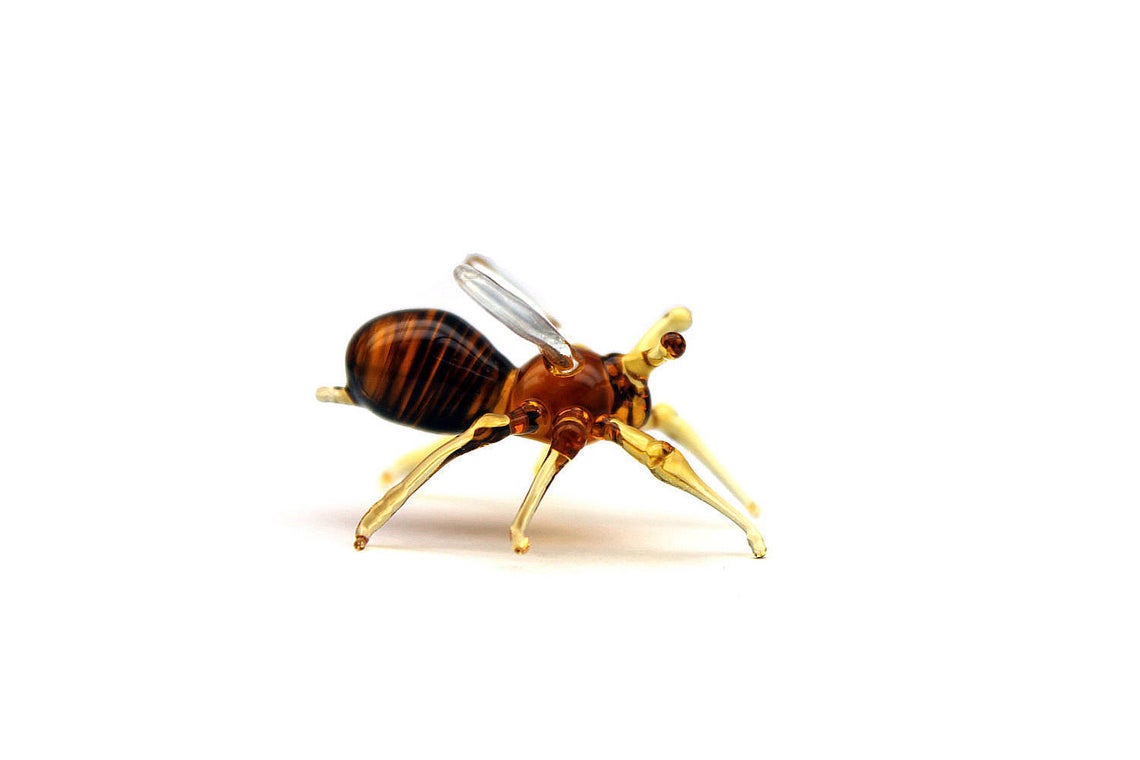 Glass Bee Blown Collectible Figurine honey bee , Animals Glass, Art Glass, Blown Glass honey bee, glass sculpture for sale, State Symbols
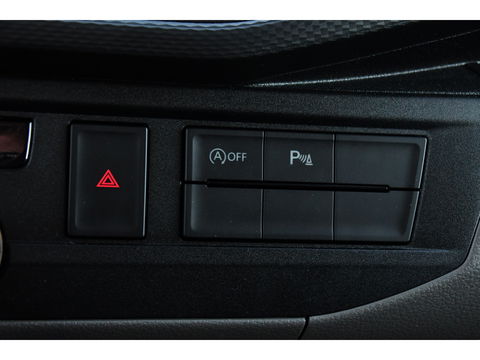 Volkswagen Transporter 2.0 TDI L2H1 Bulli Edition Adaptieve Cruise, Camera, Carplay, LED, Stoelverwarming, Trekhaak, Multimedia, 150pk, Automaat, Standkachel, Uniek!
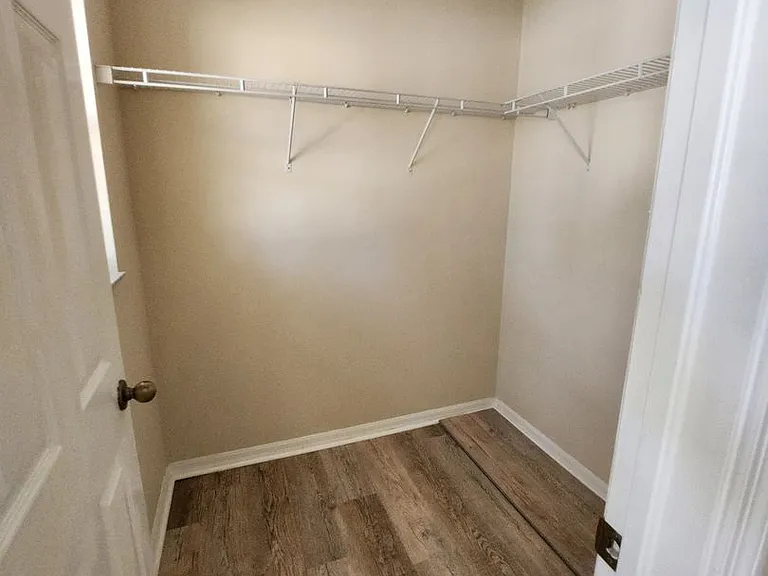 160 Scotch St SW — Photo 6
---
An exact copy of the data above is required, printed without its pictures.

 Glass Bee Blown Collectible Figurine honey bee , Animals Glass, Art Glass, Blown Glass honey bee, glass sculpture for sale, State Symbols
 Volkswagen Transporter 2.0 TDI L2H1 Bulli Edition Adaptieve Cruise, Camera, Carplay, LED, Stoelverwarming, Trekhaak, Multimedia, 150pk, Automaat, Standkachel, Uniek!
 160 Scotch St SW — Photo 6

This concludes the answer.